(Crawled caption data)

————————

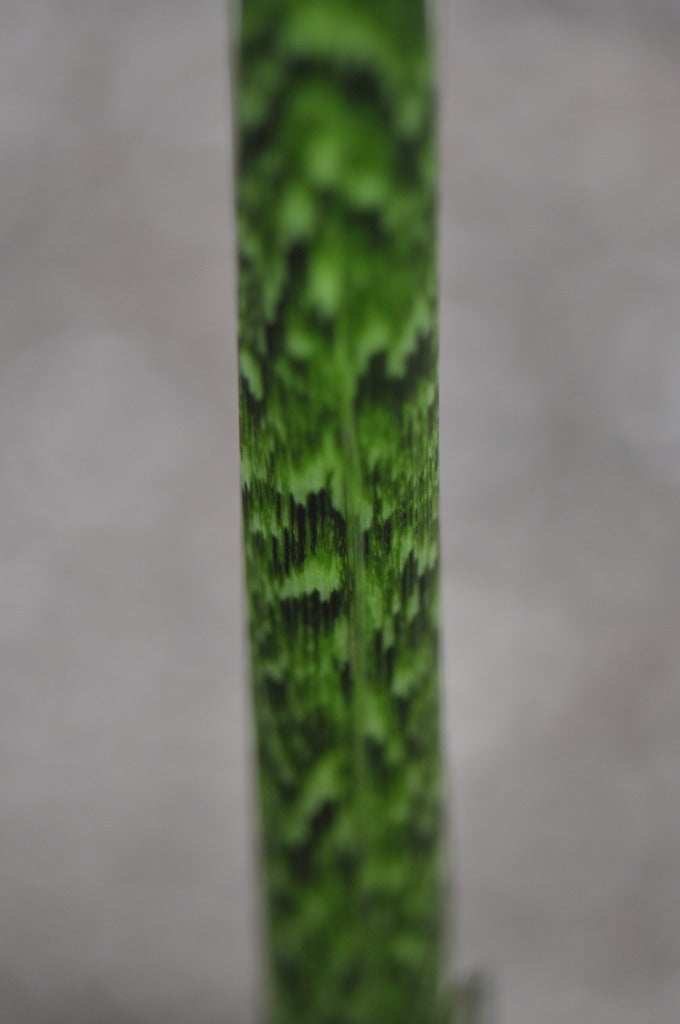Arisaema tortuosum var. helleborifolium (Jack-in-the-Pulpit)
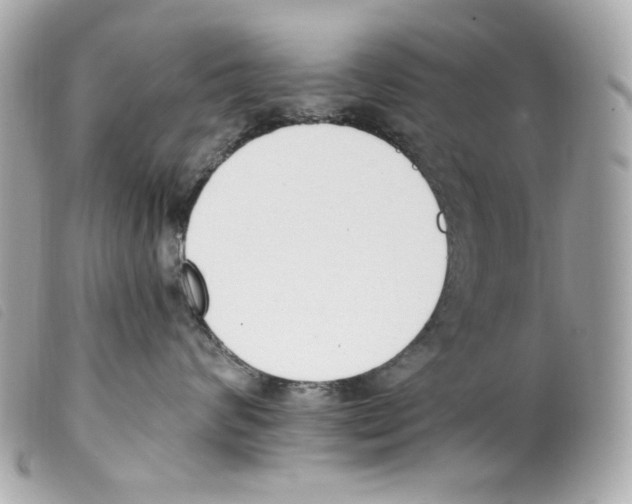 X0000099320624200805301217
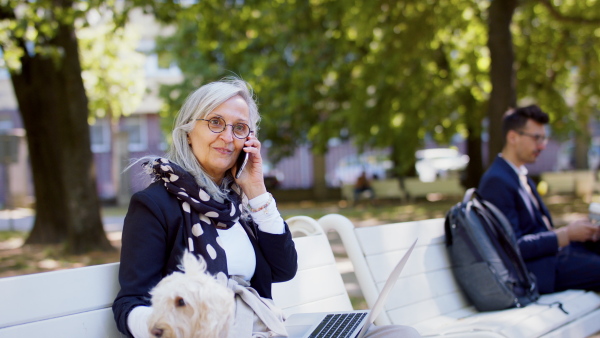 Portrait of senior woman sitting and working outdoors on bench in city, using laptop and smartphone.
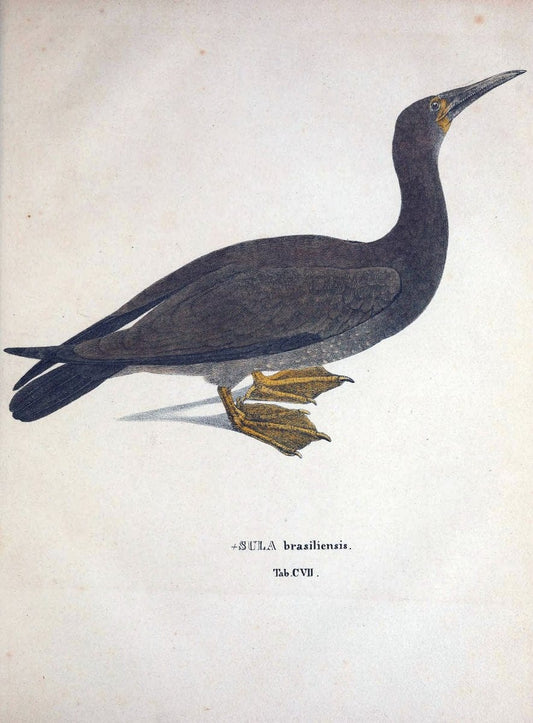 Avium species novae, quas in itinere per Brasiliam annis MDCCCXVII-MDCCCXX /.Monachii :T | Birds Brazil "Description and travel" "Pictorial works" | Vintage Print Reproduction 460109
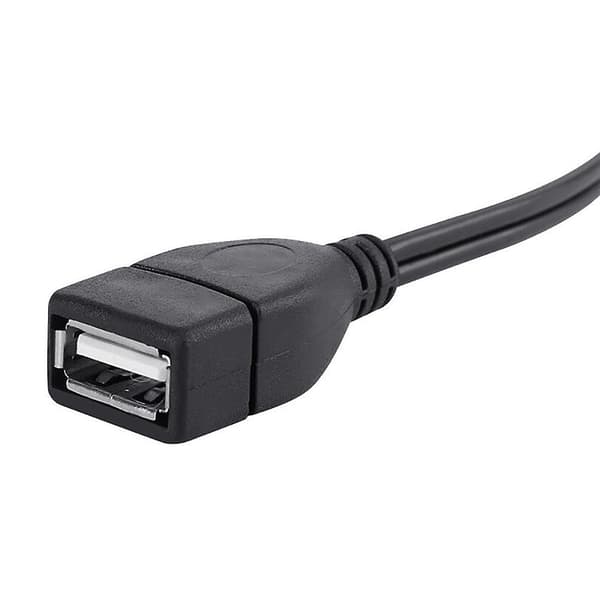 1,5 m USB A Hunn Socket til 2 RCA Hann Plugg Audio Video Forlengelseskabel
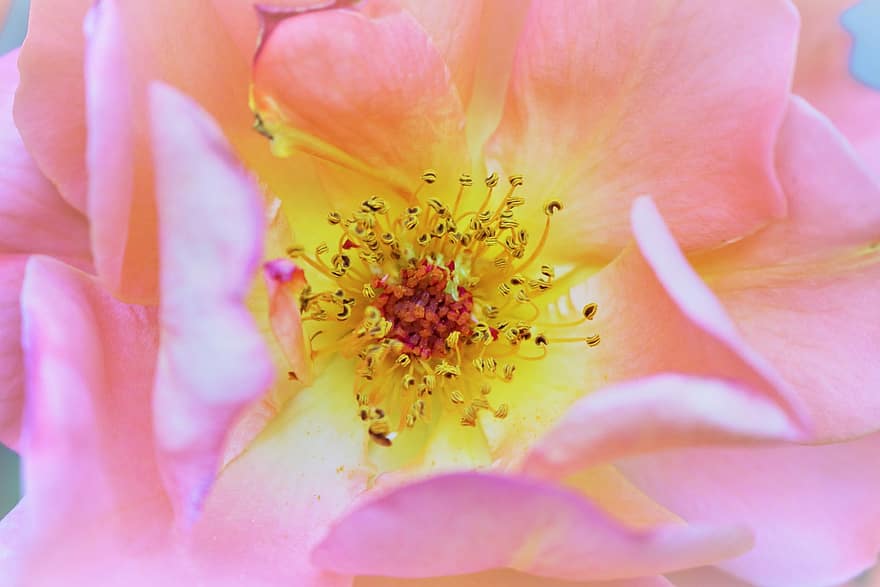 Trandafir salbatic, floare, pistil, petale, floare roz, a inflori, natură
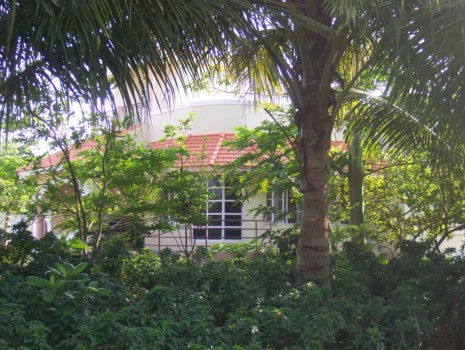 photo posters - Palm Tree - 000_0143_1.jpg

————————

▶ **WHAT THE TASK ASKS**
Going by the entries above, repeat exactly the lines that start at the line with "Avium species novae, quas" and go on through the line with "Trandafir salbatic, floare, pistil, petale, floare". Pictures are not part of the copy.

▶ **REPLY**
 Avium species novae, quas in itinere per Brasiliam annis MDCCCXVII-MDCCCXX /.Monachii :T | Birds Brazil "Description and travel" "Pictorial works" | Vintage Print Reproduction 460109
 1,5 m USB A Hunn Socket til 2 RCA Hann Plugg Audio Video Forlengelseskabel
 Trandafir salbatic, floare, pistil, petale, floare roz, a inflori, natură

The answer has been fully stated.